Time for Fifa to ask difficult questions
It is less than two months before Fifa executive committee members will vote in a secret ballot to decide who has won the right to host the 2018 and 2022 World Cups.
But Fifa now finds itself investigating claims of alleged World Cup vote corruption, after Sunday Times journalists filmed two members seemingly prepared to accept money for projects in return for their vote.
We don't know yet how big a story or scandal this will become but it has pricked my memory over what happened more than a decade ago at the International Olympic Committee.
Then, I was on my way back to Geneva airport when the mobile rang. I was driving and I had a television crew with me who'd grabbed a lift.
We were pushed for time, aiming for the last flight home after a routine International Olympic Committee executive board meeting.
It was a colleague from the BBC's World Service who'd decided to stay another day in Switzerland. He was slightly troubled and said to me: "It's probably nothing, but Hodler's said something. Might have to file."
We had a quick discussion in the car, and decided to press on home. "H" was across it, it'd be fine, we could pick it up in the morning if there was much in it.
Had we fully understood the implications at that point, we'd have handbrake-turned and smoked the tyres all the way back to Lausanne.
In his own unassuming way, Marc Hodler, octogenarian IOC member and champion of integrity had just pulled the trigger on one of the biggest recent scandals in world sport.

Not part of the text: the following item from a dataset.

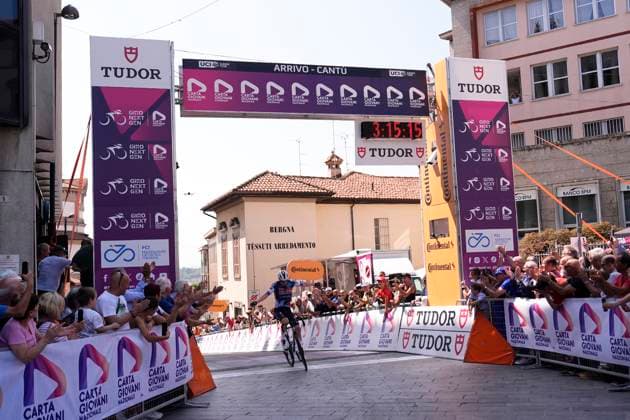 VERVENNE Jonathan ( SOUDAL QUICK-STEP DEVO TEAM) Winner stage during the stage 2 of the Giro Next Gen 2025, Rho Fiera Milano (Mi) - CantÃ¹ (Co), 146 km, Italy - Monday, June 16, 2025. - cycling.  Copyright: xFabioxFerrarix LaPressex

He'd suggested all was not as it should have been in the bid process for the 2002 Winter Games won by Salt Lake City.
The consequences of Hodler's whistle blowing shook the IOC to its core.
It seemed the Olympian values of fair play, honest competition, respect and brotherhood had little place in the conduct of some of its members, who'd been royally enjoying the hospitality of the cities bidding to stage the games.
Four investigations followed, including one by the US Department of Justice. lurid tales emerged of members securing university scholarships and plastic surgery for family members, all-expense paid ski trips, visits to the Superbowl.
It was a gravy train, and some were drinking deep. For the first time in its history, the IOC expelled members - 10 of them - and 10 others were sanctioned.
The ethics commission established by the IOC drew up rigid new rules, new codes of conduct. Visits to bidding cities were abolished, woe betide anyone caught accepting a favour with the implication this would be returned come vote time.
Well, now it's Fifa's turn to face itself and ask difficult questions about the probity of some of its members, past and present.
As things stand, the claims made by the Sunday Times demand a proper investigation.
Belatedly, given the experience and traumas the IOC went through, Fifa created an ethics committee.
Clear rules were established about the responsibilities of those bidding, and those charged with making a decision about who should host the 2018 and 2022 World Cups.
For the record, there are four bids for the 2018 World Cup - England, Russia, Holland/Beligium and Spain/Portugal.
Yes, those 24 committee members do have a choice to make.
Their decision should be based on the technical merits of the bids, the case put forward by each country. The geo-political big picture or personal conviction, regional loyalty or any other cause will also come in to play. But it should never ever be for personal gain.
The Fifa slogan, "For the Good of the Game" cannot be followed by, "and whatever's in it for me."
All of this needed saying. That it was a UK newspaper that's gone to print with a story with serious allegations shouldn't matter.
Fifa president Sepp Blatter has to shut his ears to the likely complaints around his organisation that it's just the British media making trouble again.
Any spirited journalist could've asked those questions from any country, and the answers would've been the same.
Fifa has to act decisively now. Blatter has to show leadership. Juan Antonio Samaranch, the IOC president in 1999 hesitated, and for the IOC, all was almost lost.
Football is facing its Salt Lake City moment. The IOC recovered and is now in a better place. Where will football be in 10 years' time?